- March 13, 2019
- Posted by: giancarlo
- Category: Exchanges
The cryptocurrency community continues to wait for a Bitcoin ETF, but in the meantime, they will get to enjoy a blockchain ETF. A blockchain ETF was recently launched on the London Stock Exchange, and it is expected to target companies using blockchain technology.
Invesco introduces a Blockchain ETF
Invesco, a large, US-based investment management firm that is traded on the S&P 500, recently introduced an exchange-traded fund (ETF) on the London Stock Exchange (LSE). This ETF will target blockchain-based companies in an attempt to boost the use of the technology all over the world.
The ETF will initially trial roughly 50 companies that are capable of benefiting from growth in the blockchain industry.

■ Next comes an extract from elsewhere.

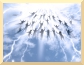 Remove & Clear Spirit Attachments & Possession & Black Magic & Curses & Hexes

Invesco revealed that the ETF would be tracking big companies including Apple, Kakao, Signature Bank, Square, Taiwan Semiconductor Manufacturing Company, the CME Group, Monex Group Intel, Advanced Micro Devices, and many more.
To make this possible, Invesco partnered with Elwood Asset Management, a digital asset firm based in the UK. The product, called the Invesco Elwood Global Blockchain UCITS ETF, started trading on the London stock exchange on March 11, 2019. Solactive AG was hired by Elwood to calculate the ETF index.
The exchange-traded fund will start by following 48 companies that Invesco believe will generate huge earnings from the growth of blockchain technology over the next few years. A proprietary scoring system designed by Elwood was used in determining the companies that the ETF will track.
Invesco’s head of equity product management, Chris Mellor, acknowledged that the distributed ledger technology has what it takes to become one of the leading technologies in the world. He stated that “The potential for blockchain to drive real earnings is huge, but it is often hidden within companies involved in other areas. This ETF offers investors access to companies with real earnings now, but with the added potential of blockchain-related earnings not reflected in their share prices.”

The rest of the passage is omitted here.